Desoto was quiet for a moment. Carver could hear the sounds that empty houses make: the breezy, rushing hum of the air-conditioning unit, the higher-pitched drone of the refrigerator. Now and then a low groan, creak, or snap. The noises made by materials heating and expanding beneath the malicious Florida sun.
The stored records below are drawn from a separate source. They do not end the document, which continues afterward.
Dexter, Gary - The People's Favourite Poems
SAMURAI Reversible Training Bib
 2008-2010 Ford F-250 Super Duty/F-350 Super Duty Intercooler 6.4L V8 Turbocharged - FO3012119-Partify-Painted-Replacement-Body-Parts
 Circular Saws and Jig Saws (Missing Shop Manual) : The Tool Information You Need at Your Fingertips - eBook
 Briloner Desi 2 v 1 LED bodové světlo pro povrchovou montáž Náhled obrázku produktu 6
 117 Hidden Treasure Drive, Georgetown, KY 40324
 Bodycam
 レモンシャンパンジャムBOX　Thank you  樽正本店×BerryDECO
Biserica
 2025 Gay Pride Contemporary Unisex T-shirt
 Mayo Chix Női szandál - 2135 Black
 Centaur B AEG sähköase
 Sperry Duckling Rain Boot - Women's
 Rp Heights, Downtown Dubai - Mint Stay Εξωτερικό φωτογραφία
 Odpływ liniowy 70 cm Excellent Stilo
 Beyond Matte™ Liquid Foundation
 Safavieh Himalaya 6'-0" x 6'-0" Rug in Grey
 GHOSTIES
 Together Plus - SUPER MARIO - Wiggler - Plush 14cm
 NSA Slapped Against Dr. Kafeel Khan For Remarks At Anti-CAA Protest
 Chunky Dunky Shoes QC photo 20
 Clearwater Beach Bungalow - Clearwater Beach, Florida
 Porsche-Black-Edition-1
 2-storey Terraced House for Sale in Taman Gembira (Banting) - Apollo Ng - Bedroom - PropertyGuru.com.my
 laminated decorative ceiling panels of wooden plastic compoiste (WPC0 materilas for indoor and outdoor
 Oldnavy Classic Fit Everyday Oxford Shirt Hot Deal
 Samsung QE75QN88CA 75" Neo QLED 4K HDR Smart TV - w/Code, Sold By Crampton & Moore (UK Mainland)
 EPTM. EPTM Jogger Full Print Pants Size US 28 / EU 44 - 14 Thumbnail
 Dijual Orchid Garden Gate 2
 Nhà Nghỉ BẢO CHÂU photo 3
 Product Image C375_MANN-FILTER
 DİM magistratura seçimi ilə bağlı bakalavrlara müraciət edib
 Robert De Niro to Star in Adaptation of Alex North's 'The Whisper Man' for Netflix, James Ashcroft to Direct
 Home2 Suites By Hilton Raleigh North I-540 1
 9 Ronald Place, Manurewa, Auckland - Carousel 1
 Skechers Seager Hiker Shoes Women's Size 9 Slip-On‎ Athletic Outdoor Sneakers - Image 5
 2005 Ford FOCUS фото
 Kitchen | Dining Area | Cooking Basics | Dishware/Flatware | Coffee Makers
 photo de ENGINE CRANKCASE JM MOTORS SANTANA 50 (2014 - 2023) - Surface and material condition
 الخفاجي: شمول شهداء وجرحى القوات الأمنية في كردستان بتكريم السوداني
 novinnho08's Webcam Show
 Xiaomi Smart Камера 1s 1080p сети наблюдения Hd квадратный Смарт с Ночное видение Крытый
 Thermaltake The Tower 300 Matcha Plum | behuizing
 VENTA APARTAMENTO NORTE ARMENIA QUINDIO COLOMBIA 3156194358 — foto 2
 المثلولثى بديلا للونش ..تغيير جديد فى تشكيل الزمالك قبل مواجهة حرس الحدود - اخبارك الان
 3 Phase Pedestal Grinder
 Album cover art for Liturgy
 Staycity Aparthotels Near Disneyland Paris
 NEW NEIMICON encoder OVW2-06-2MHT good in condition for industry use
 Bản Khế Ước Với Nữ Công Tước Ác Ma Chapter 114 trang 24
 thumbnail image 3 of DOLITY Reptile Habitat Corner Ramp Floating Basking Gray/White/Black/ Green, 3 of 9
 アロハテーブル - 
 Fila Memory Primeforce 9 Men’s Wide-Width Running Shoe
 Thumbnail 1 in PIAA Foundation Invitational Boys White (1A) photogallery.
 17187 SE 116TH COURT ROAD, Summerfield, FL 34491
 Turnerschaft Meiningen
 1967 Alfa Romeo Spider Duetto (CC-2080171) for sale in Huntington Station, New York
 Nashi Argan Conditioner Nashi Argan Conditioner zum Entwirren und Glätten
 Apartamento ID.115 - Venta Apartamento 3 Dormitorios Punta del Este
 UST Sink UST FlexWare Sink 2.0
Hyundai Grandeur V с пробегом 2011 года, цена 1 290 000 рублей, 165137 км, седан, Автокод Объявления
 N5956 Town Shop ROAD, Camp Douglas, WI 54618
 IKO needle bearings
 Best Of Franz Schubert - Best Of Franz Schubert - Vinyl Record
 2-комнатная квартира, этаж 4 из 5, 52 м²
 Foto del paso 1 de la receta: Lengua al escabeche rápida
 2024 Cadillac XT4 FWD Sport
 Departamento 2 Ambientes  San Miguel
Then Desoto said, “There’s something you don’t know, my friend. Something I should have told you.”

Carver waited, not liking the icy sensation on the back of his neck. Friends were more dangerous than enemies. They came with obligations and they knew the chinks in your armor.

“There’s another reason I wanted you to handle this,” Desoto said. “If you didn’t, it’d all be up to Lieutenant William McGregor.”

Carver felt his stomach roll over. McGregor was a Fort Lauderdale police officer who’d been in on the investigation of the murder of Carver’s son last year. He had this idea he’d saved Carver’s life and solved the case, and parlayed that into a lot of publicity that resulted in his being hailed for heroism and then promoted. Those had been his goals all along. Justice wasn’t of much interest to McGregor.

“I thought McGregor was a captain,” Carver said. “In Fort Lauderdale.”

“So he was,” Desoto said. “But things do change. A few months ago there was some question about the fidelity of a Fort Lauderdale politico’s wife. An older woman, but not without beauty.”

“She was seeing McGregor?” Carver asked. He couldn’t imagine the towering, homely McGregor as a lothario, stealing someone’s wife. Not unless the woman liked her men vulgar and unscrupulous. But then, some women did.

“She was paying McGregor to keep quiet about her affair with her brother-in-law,” Desoto explained. “Then one day she broke down and confessed everything to her husband, who was in a position to force McGregor’s resignation from the Fort Lauderdale department. The only thing McGregor could do was accept a position in a smaller department at reduced rank. The Del Moray department.”

“Why the hell would anyone hire him?” Carver asked.

“He’s an acquaintance of your fair city’s mayor,” Desoto said. “And my guess would be the mayor doesn’t have any choice. You know McGregor; kinda guy collects secrets and turns them into currency of one kind or another. Listen, I was afraid if I told anyone but you what I thought, what Uncle Sam had told me, there mighta been an investigation by the Del Moray law, with McGregor having a hand in it. I wouldn’t want that. I don’t like McGregor.”